L’associazione antimafia da Sud scrive al futuro sindaco di Roma. Una sorta di appello/dossier a chi vincerà fra Virginia Raggi (M5S) e Roberto Giachetti (Pd) che evidenzia come in campagna elettorale non si sia affrontato il tema dell’antimafia e che esprime preoccupazione per le possibili conseguenze in relazione alla recente sentenza della Corte d’appello di Roma che ha stabilito che ad Ostia la mafia non c’è. Nel dossier ci sono anche numeri importanti che sottolineano una presenza massiccia della mafia nella Capitale, e non solo, ma anche una sottovalutazione costante della stessa, visto che molti beni confiscati da tempo ancora non sono stati assegnati per fini sociali, in una città che invece registra ormai ogni settimana sgomberi di spazi abitativi e culturali.
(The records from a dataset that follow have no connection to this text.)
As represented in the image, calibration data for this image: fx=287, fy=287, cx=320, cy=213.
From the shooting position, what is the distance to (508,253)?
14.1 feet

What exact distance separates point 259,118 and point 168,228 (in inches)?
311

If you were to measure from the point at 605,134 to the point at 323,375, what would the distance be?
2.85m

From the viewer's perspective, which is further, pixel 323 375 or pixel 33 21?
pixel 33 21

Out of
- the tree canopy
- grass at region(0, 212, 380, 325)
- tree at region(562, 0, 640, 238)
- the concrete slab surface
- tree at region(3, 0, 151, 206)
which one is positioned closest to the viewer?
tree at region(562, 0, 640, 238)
“Sul territorio di Roma ci sono più del 5% dei quasi 9.000 beni immobili confiscati e assegnati, come prevede la legge, a fini sociali in Italia. Sono circa 500 – sottolinea il dossier – e il dato è in continuo aggiornamento, dal momento che le confische di patrimoni criminali (mafiosi e non) si susseguono. Dati di qualche anno fa invece (purtroppo la carenza di informazioni è uno dei grandi problemi) riferiscono di quasi 12mila beni sequestrati per un valore di quasi un miliardo di euro”. Dei circa 500 immobili confiscati nella Capitale, solo 65 sono stati assegnati, anche se l’elenco del “Campidoglio, pubblicato sul sito del Comune, è fermo a novembre 2015, le informazioni relative all’iter di confisca – prosegue il documento – alle caratteristiche dell’immobile e alla sua destinazione finale sono spesso lacunose. L’assegnazione dei beni avviene in forma diretta, senza il ricorso a procedure di evidenza pubblica e men che meno con il ricorso a pratiche di condivisione dal basso e autogestione partecipata”, e tutta un’altra serie di “lacune burocratiche” che fanno venir meno la trasparenza, requisito essenziale quando si parla di beni confiscati.
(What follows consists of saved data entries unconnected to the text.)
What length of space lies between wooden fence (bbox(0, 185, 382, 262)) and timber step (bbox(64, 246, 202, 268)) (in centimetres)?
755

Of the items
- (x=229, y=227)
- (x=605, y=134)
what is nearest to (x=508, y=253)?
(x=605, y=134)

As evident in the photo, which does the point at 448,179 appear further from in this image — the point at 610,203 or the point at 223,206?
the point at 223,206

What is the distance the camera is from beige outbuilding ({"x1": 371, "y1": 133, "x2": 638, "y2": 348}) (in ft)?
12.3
E l’associazione da Sud ha selezionato, a titolo esemplificativo, 10 beni non tutti confiscati in via definitiva e non tutti confiscati a mafiosi, evidenziando “lo stato di abbandono in cui spesso versano e i ritardi con cui, complici le complesse procedure burocratiche, vengono messi a valore sociale”.
Tra i dieci esempi spicca un’intera palazzina dei Casamonica confiscata nel 2011 e non ancora assegnata: valore stimato nel 2004 oltre 730mila euro. Nonostante la confisca “il 5 ottobre 2015 gli agenti del commissariato di zona si sono recati sul posto per verificare che lo stabile fosse effettivamente libero – riporta il dossier – ma hanno trovato alcuni operai, in compagnia di Adele Casamonica (moglie del pregiudicato Nando), residente in uno degli appartamenti, intenti a portar via inferriate, infissi, marmi e finiture e ad abbattere le divisioni di cartongesso”.
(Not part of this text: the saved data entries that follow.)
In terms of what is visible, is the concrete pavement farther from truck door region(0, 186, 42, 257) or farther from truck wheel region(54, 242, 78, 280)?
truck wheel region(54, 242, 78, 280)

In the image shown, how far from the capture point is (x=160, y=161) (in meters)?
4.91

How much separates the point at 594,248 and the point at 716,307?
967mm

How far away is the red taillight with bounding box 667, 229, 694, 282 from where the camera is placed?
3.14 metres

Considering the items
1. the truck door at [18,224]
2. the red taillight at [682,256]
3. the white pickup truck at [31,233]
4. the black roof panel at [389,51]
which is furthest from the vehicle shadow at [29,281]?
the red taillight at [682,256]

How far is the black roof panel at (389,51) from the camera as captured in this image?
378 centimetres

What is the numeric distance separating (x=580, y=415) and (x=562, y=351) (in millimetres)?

Un altro esempio di mala gestione dei beni confiscati è il Goodwill Restaurant, 190 mq più 33 mq di terrazzo. Prima del sequestro e successiva confisca si chiamava Todo Rico Pub. Trasferito con Decreto Agenzia del Demanio nel 2001 a Roma Capitale, è stato assegnato nel gennaio 2002 all’associazione Goodwill Italia Onlus, partner della Goodwill Industries International. “L’associazione – si legge nel documento – che si occupa principalmente di formazione e occupazione e si rivolge in particolare al reinserimento delle persone disabili, avrebbe dovuto coinvolgere nelle attività di gestione 12 ragazzi con disagio psichico. Dopo alterne vicende e diversi tentativi di gestione, il ristorante, con i suoi circa 120 posti a sedere, è stato chiuso anni fa e oggi il locale è ancora inutilizzato”. Si potrebbe andare avanti con altri esempi eclatanti, ma la sostanza non cambia: la gestione e l’assegnazione dei beni confiscati a Roma ha numerose lacune che devono essere colmate.
Per ciascuno dei 10 immobili presi ad esempio, l’associazione da Sud ha riportato le (poche) informazioni che è stata in grado di raccogliere e un’ipotesi di possibile utilizzo a vantaggio dei cittadini. Insomma, un report dettagliato con tanto di proposte che si chiude con una domanda/appello agli aspiranti sindaci di Roma: “Come e perché fidarci di candidati al Campidoglio o alla guida dei Municipi che non affrontano questo tema e non aprono un dibattito serio sulle possibili risposte?”.